Posted by on Wednesday, September 12, 2012 - with no comments

Here’s a puzzler: in creating a communications strategy, which comes first – the tactics or the budget? I’m often asked the above question in Results Map workshops. And the answer, as with so many of life’s great chicken-and-egg questions, is “it depends”.

But let’s backtrack a moment to some general points about communications budgets. You don’t need me to tell you what a budget is and why you’ll need one. At minimum, it outlines the costs of implementing your communications strategy. Ideally, it will also show the impact that the strategy’s implementation will have on staff resources (in order to let you assess opportunity cost.)

Budgeting isn’t easy. Communications work often has hidden costs, so in making a budget you’ll need to consult with colleagues in communications, marketing and finance to get an accurate picture of what your tactics will cost to implement. (Remember to factor in translation, shipping, media monitoring and outsourcing.)

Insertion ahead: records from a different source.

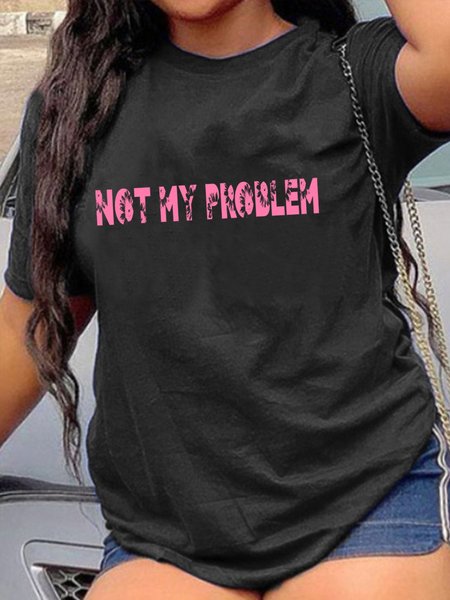 

Not My Problem Women T-Shirt Plus Size, Black, Plus Size T-shirts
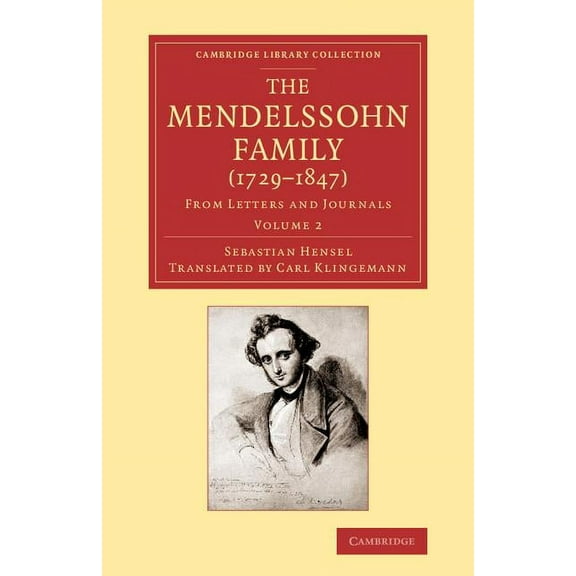 Cambridge Library Collection - Music The Mendelssohn Family (1729 1847), (Paperback)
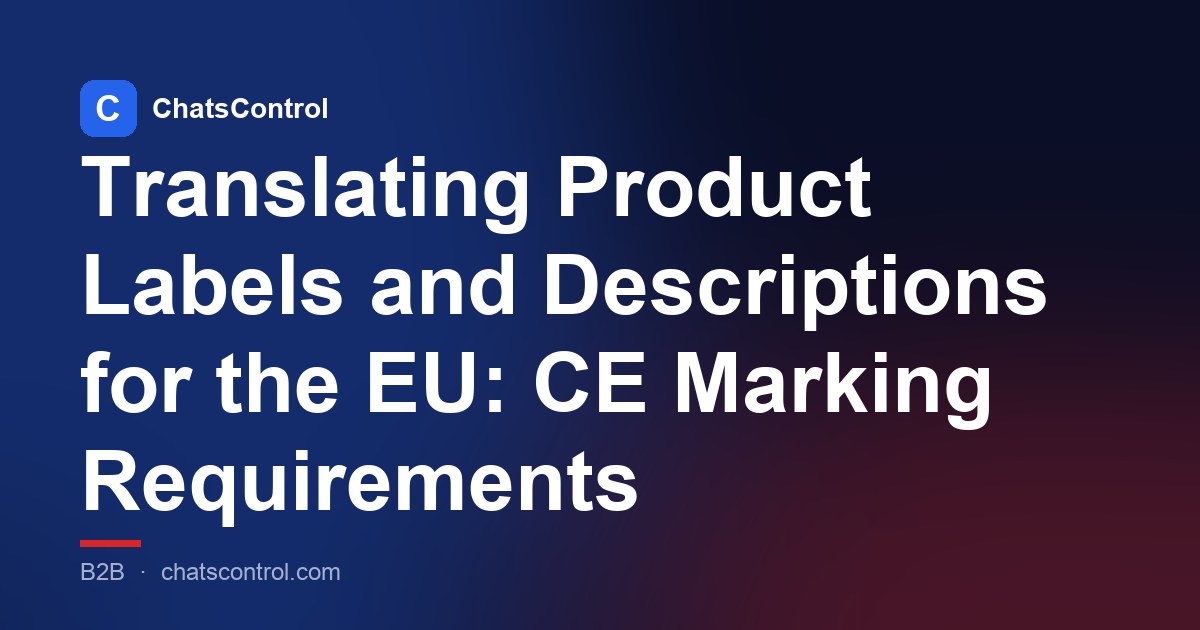 Translating Product Labels and Descriptions for the EU: CE Marking Requirements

In constructing your budget, it can be useful to provide a sense of timing for expenses. This will help manage the costs of implementation throughout your fiscal year. If appropriate, you may want to consider creative funding sources such as partnerships, sponsorships or grant/award funding.

Now, back to our puzzler question of whether you’re supposed to fit your tactics to your budget or vice versa. The ideal situation is one in which your tactical planning is done based on an established budget of financial and staff resources. This protects you from the very real risk of over-building a plan full of elaborate communication activities that will never be implemented because you just don’t have the money or the staff.

In practice, though, communications strategies often serve a dual purpose of recommending communications approaches while also making a business case for resourcing. Don’t be surprised if your internal executives or clients don’t have a sense of what budget they need to communicate effectively.

In this case, the trick is to start your planning with what is known, and be very clear about the context within which you’re operating. Assembling a rock-solid evidence base of strategic considerations in your planning phase will back up your case for the financial resources needed to meet your communications challenges.